Environmentalists had also challenged regulators' failure to set GHG limits in the permit but the board rejected the issue on procedural grounds, saying environmentalists had not made the arguments in a timely fashion.

Without mentioning the EAB decision, environmentalists signaled on a June 4 conference call with reporters that they will broaden their campaign to challenge refinery expansion permits. Activists from the EIP and Environmental Defence Canada said they plan to focus challenges on pollutants such as sulfur oxides (SOx), nitrogen oxides, lead and nickel, which occur in higher levels in tar sands oil.

According to a just-issued report by the groups, Tar Sands: Feeding U.S. Refinery Expansions With Dirty Fuel, tar sands oil contains 11 times more sulfur, six times more nitrogen, 11 times more nickel and five times more lead than conventional oil.
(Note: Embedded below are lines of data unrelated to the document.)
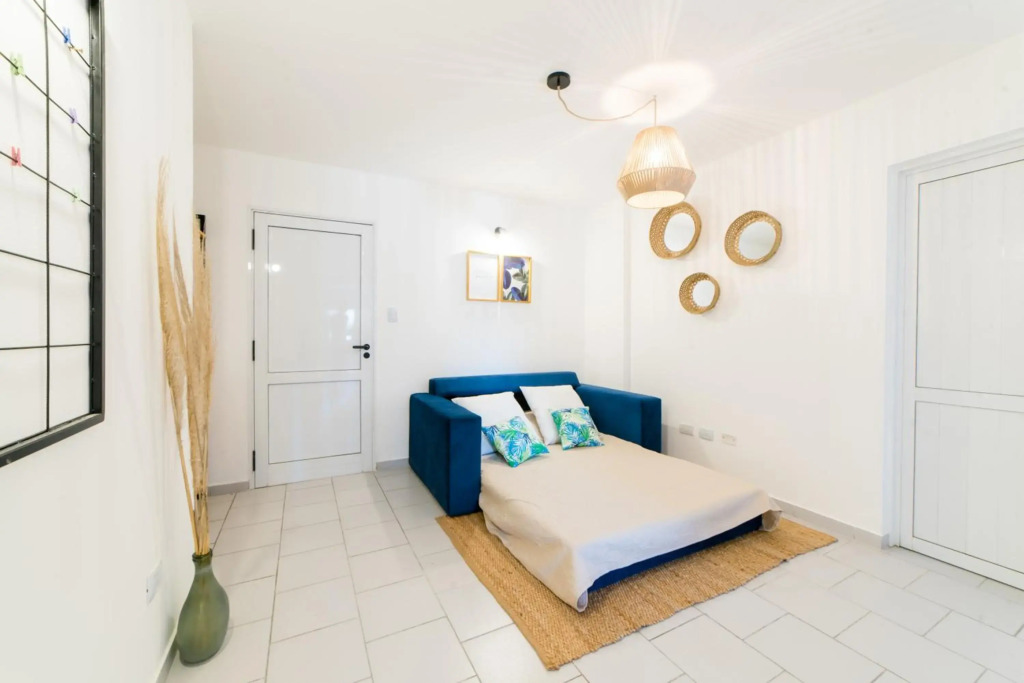 Apartamento Lujoso Benjamin en Nueva córdoba a 2 cdras de plaza España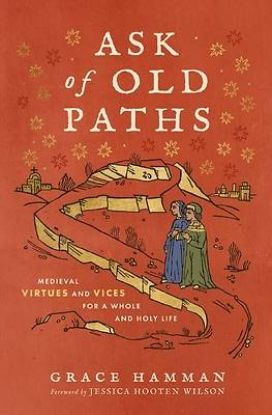 Picture of Ask of Old Paths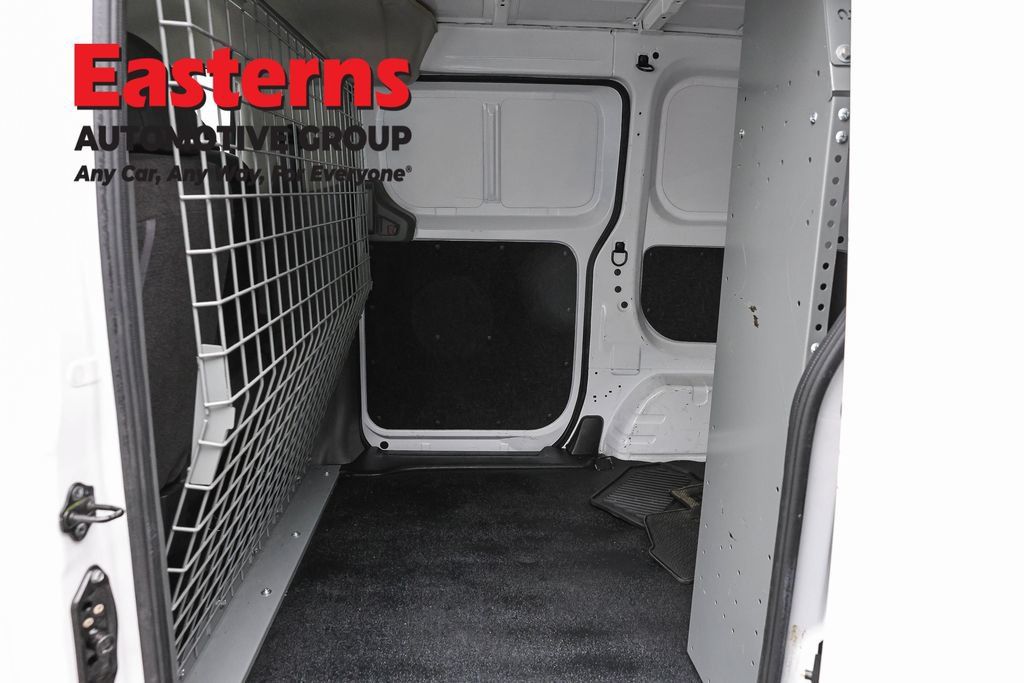 Used 2020 Nissan NV200 SV w/ Back Door Glass Package FWD image 23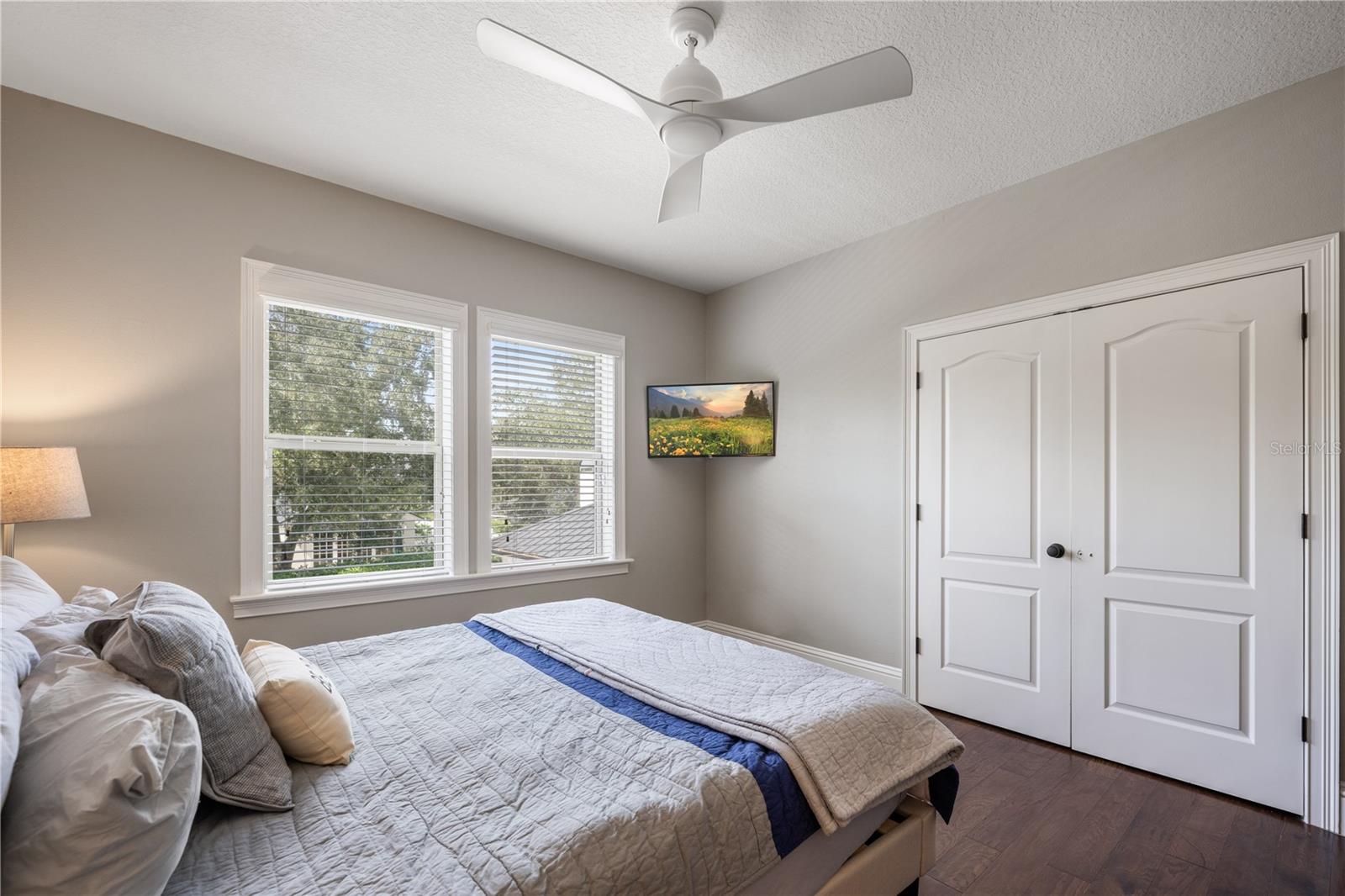 GREEN OAKS REP - Residential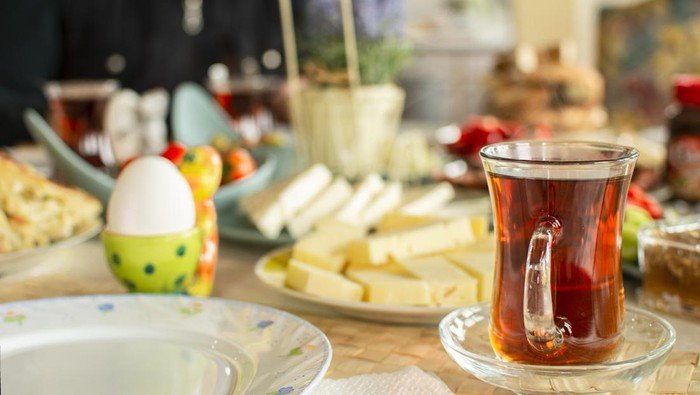 Dari Imsak到Subuh, Jadwal Berbuka Jakarta Hari Ini Wajib Diketahui!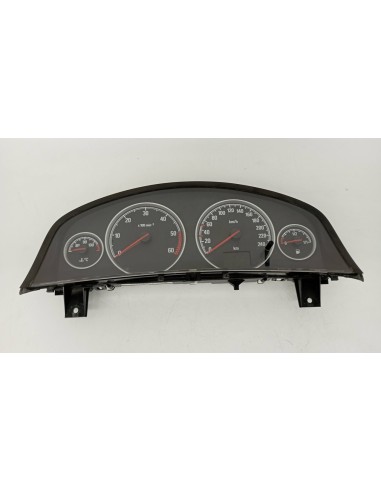 Recambio de cuadro instrumentos para opel vectra c berlina z19dth referencia OEM IAM 13193087PE  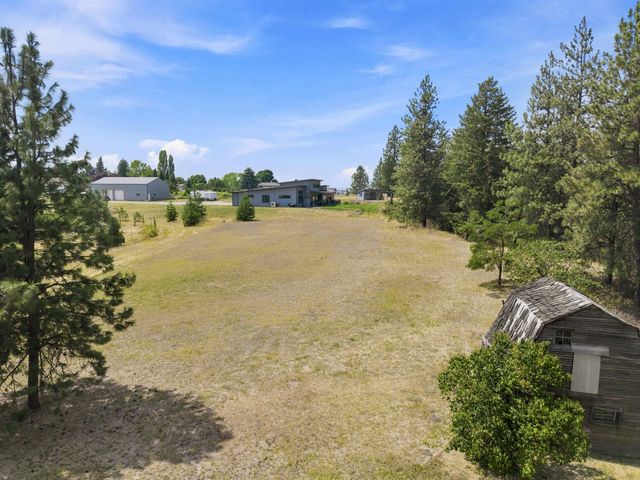 5303 E ORCHARD Rd, Spokane, WA 99217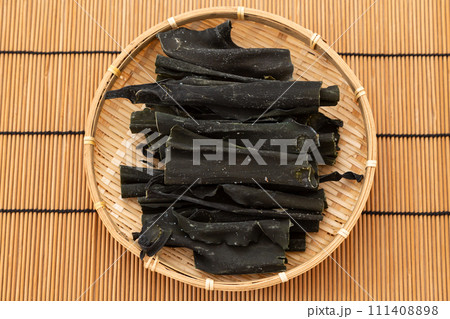 根昆布 根昆布 111408898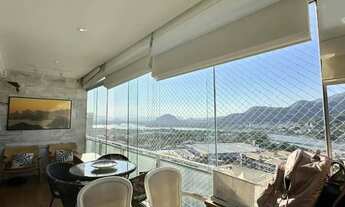 Imagem 2: Cobertura com 3 quartos à venda, 200 m² por R$ 2.200.000 - Barra da Tijuca - Rio de Janeir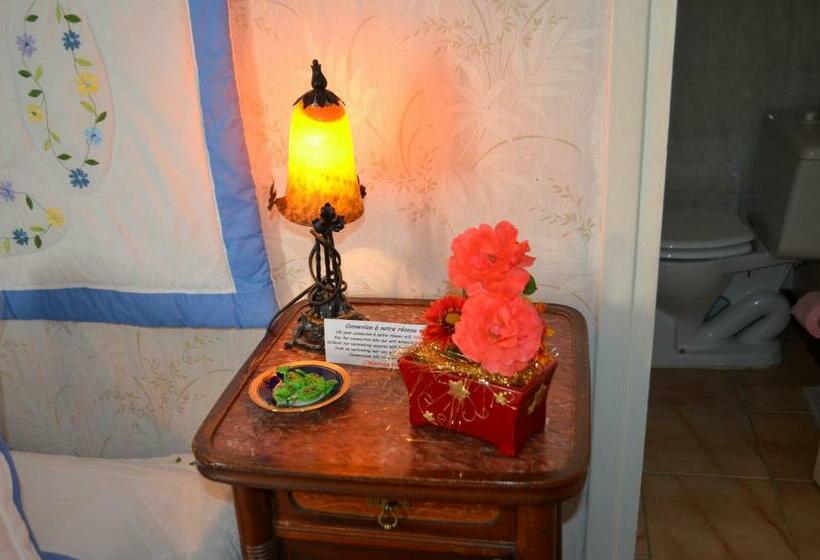 住宿加早餐  Maison D Autrefois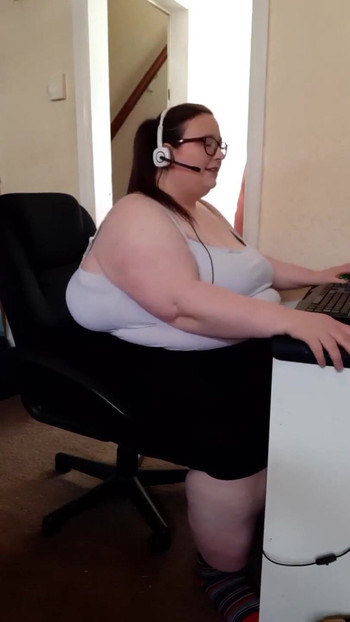 BOSS FANTASY FÁNK SSBBW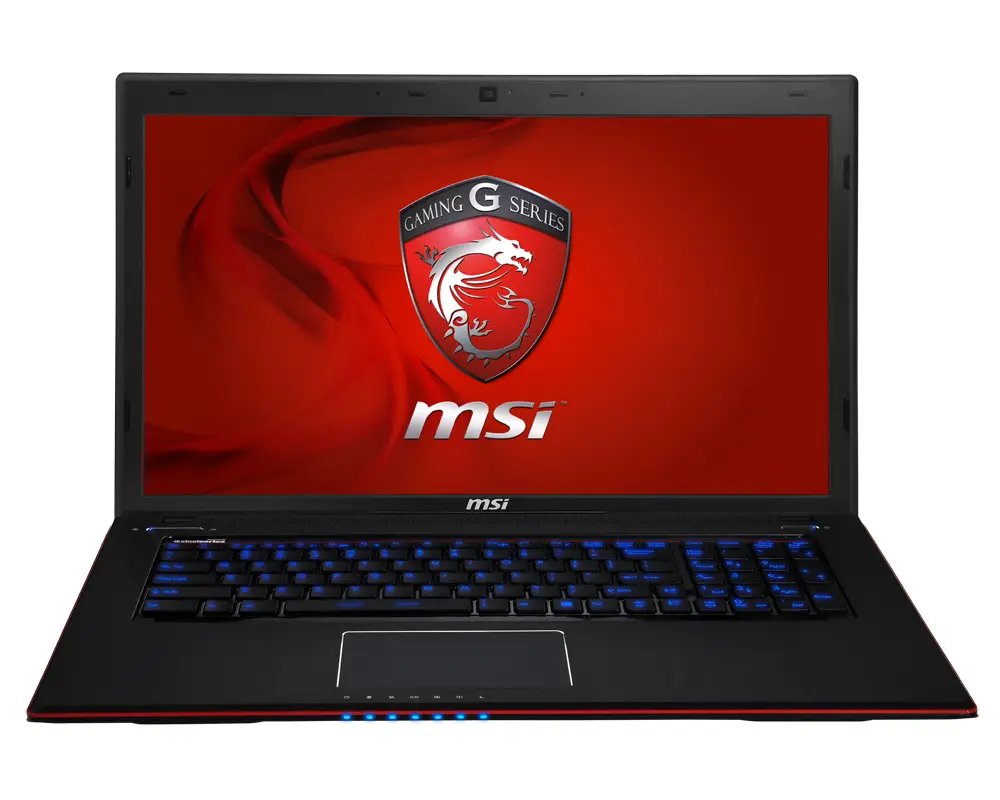 MSI Gaming GE70 2OD-227CZ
EIP Executive Director Eric Schaeffer said environmentalists have a strong legal case to argue that there is no way to refine tar sands oil in an environmentally acceptable way. "This is a very intensely wasteful way to feed an oil habit," he said.

The groups also vowed to continue to fight for GHG limits in EPA's new source performance standards and new source review regulations, although they have not yet had success with these efforts. The primary source of increased GHG emissions is caused by extraction in Canada, but the groups plan to target U.S. tar sands oil GHGs because they believe refineries will need to use more energy -- and emit more carbon dioxide -- to refine the heavy oil.

The environmental groups also said they would lobby Congress for policies that would improve energy efficiency and fuel efficiency, and they said they would support a low carbon fuel standard that would account for extraction emissions. In addition, members of the group said they would push for full implementation of a controversial portion of the 2007 energy law, called section 526, that would effectively bar the government from purchasing fuel from tar sands.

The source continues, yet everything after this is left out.